Whenever a line carries the word "Purse", pull it out of the entries.

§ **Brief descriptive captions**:
================

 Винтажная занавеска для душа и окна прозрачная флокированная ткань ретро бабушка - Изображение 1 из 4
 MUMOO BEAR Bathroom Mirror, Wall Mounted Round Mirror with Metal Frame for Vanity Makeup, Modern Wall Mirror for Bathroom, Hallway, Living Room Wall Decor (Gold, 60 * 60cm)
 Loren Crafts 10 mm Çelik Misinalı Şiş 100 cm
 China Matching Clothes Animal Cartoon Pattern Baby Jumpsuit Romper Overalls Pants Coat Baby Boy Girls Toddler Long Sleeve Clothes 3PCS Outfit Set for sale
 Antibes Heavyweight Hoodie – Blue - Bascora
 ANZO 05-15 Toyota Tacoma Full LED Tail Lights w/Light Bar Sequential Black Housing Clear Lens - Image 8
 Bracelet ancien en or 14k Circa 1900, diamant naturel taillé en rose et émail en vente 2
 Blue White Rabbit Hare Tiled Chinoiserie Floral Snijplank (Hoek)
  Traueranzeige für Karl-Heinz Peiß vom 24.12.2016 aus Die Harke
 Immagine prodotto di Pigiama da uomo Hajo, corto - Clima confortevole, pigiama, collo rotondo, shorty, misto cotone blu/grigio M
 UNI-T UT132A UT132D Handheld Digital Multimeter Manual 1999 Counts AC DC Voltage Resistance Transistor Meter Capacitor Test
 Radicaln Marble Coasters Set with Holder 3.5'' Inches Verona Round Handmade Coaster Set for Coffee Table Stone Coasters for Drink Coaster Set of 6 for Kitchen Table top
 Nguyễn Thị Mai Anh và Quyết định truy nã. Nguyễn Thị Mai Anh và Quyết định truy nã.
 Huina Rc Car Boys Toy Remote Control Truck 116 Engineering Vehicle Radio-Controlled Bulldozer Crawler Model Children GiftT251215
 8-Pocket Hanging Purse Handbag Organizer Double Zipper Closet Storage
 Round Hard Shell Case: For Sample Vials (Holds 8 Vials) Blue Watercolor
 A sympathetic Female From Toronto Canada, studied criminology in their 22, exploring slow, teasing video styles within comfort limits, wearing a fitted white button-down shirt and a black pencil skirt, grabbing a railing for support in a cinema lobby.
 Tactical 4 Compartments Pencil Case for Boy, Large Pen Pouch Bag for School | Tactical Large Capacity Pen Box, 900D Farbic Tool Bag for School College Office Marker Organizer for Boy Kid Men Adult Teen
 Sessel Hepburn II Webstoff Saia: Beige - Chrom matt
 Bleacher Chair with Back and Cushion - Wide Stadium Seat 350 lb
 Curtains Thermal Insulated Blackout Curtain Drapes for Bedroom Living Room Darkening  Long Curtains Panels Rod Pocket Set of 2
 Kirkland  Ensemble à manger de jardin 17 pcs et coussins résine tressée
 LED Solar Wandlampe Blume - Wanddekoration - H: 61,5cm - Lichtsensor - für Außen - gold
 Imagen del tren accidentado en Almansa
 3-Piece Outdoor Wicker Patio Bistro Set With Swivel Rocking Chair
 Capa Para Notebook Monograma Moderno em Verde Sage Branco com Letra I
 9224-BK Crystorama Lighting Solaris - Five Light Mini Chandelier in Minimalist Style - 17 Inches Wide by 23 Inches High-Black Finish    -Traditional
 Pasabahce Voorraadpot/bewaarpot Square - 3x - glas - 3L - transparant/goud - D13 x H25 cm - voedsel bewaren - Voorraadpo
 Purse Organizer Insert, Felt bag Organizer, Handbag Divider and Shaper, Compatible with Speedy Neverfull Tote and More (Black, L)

================

§ **Answer for this exercise**:
 8-Pocket Hanging Purse Handbag Organizer Double Zipper Closet Storage
 Purse Organizer Insert, Felt bag Organizer, Handbag Divider and Shaper, Compatible with Speedy Neverfull Tote and More (Black, L)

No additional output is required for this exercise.